▸ **Assignment**: Given the material below, return only the lines starting at the line with "Tpu + หนังรถ" and ending at the line with "Image of Wild", exactly as they appear.

Information shown below:

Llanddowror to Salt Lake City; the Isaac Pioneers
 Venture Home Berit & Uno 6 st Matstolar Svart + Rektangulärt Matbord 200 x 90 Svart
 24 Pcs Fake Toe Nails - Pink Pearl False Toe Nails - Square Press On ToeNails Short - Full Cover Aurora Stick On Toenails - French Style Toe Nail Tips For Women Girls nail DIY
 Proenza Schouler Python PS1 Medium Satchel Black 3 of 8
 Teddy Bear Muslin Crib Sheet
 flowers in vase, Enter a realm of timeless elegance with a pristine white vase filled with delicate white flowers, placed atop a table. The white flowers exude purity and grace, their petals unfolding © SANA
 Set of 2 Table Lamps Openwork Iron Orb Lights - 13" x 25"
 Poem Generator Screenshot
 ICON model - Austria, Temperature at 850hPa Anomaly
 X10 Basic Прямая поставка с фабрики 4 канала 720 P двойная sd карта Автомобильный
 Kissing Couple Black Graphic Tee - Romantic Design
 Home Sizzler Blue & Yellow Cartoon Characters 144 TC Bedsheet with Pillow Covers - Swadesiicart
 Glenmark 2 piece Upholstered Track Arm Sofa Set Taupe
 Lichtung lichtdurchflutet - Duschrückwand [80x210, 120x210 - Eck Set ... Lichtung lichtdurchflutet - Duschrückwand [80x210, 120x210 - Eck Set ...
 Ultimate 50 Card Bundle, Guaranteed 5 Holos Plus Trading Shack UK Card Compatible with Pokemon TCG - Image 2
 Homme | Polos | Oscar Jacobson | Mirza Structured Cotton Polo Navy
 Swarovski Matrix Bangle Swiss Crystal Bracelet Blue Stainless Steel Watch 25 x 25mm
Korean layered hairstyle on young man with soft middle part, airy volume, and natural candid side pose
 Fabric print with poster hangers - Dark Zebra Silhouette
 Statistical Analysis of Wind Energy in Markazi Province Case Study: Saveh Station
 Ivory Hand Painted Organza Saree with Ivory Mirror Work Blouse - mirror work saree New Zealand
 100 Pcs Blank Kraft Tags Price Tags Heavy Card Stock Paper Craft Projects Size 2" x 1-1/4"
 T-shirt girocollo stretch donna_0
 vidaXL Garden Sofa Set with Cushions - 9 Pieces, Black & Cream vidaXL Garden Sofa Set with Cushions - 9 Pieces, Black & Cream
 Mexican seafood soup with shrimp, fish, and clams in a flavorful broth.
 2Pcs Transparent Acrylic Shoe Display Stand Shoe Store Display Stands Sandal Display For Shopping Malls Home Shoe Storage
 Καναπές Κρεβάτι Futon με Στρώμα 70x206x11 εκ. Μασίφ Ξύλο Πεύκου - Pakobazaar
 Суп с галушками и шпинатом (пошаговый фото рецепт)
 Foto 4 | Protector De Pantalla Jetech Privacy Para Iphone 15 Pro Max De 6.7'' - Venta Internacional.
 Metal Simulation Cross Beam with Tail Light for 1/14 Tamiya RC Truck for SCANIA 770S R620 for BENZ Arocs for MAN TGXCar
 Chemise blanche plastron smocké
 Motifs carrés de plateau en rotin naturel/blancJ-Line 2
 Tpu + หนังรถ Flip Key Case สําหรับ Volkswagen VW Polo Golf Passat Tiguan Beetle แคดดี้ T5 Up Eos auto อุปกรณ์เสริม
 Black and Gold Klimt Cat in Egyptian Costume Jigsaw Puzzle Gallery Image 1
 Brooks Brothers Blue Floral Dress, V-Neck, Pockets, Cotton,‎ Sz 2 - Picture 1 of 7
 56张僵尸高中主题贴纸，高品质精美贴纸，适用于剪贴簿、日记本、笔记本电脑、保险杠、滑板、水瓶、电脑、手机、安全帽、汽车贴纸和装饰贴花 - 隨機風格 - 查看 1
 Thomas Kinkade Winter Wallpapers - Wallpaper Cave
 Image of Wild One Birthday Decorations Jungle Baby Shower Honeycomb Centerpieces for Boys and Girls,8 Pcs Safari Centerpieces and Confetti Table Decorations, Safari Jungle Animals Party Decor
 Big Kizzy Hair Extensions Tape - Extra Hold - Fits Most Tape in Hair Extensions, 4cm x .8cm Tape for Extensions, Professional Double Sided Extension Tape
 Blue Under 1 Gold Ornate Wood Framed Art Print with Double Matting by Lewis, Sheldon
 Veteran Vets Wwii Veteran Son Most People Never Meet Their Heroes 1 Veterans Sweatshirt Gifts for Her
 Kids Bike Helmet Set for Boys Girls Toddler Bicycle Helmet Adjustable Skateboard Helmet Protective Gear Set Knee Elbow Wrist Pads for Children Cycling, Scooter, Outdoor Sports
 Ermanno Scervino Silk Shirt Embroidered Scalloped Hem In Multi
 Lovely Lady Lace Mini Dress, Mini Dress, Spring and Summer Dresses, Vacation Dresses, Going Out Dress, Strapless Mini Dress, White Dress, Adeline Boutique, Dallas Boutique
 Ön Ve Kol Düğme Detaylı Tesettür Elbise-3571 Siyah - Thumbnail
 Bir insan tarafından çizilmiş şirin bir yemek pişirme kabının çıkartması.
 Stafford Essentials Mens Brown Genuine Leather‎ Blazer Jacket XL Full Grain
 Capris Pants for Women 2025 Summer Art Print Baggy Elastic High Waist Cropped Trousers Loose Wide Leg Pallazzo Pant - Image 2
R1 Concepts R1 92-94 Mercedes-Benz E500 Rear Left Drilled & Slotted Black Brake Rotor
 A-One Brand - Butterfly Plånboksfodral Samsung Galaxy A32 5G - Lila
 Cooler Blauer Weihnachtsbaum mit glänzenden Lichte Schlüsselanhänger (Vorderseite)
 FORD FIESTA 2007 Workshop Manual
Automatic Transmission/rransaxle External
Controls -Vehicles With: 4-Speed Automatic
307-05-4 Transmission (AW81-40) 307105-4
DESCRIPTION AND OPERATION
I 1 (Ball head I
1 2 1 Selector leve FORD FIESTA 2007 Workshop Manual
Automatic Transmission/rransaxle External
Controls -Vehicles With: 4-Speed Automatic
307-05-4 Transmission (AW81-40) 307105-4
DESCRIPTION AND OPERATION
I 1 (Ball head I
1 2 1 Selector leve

End of Information shown.

▸ **Result**:
 Tpu + หนังรถ Flip Key Case สําหรับ Volkswagen VW Polo Golf Passat Tiguan Beetle แคดดี้ T5 Up Eos auto อุปกรณ์เสริม
 Black and Gold Klimt Cat in Egyptian Costume Jigsaw Puzzle Gallery Image 1
 Brooks Brothers Blue Floral Dress, V-Neck, Pockets, Cotton,‎ Sz 2 - Picture 1 of 7
 56张僵尸高中主题贴纸，高品质精美贴纸，适用于剪贴簿、日记本、笔记本电脑、保险杠、滑板、水瓶、电脑、手机、安全帽、汽车贴纸和装饰贴花 - 隨機風格 - 查看 1
 Thomas Kinkade Winter Wallpapers - Wallpaper Cave
 Image of Wild One Birthday Decorations Jungle Baby Shower Honeycomb Centerpieces for Boys and Girls,8 Pcs Safari Centerpieces and Confetti Table Decorations, Safari Jungle Animals Party Decor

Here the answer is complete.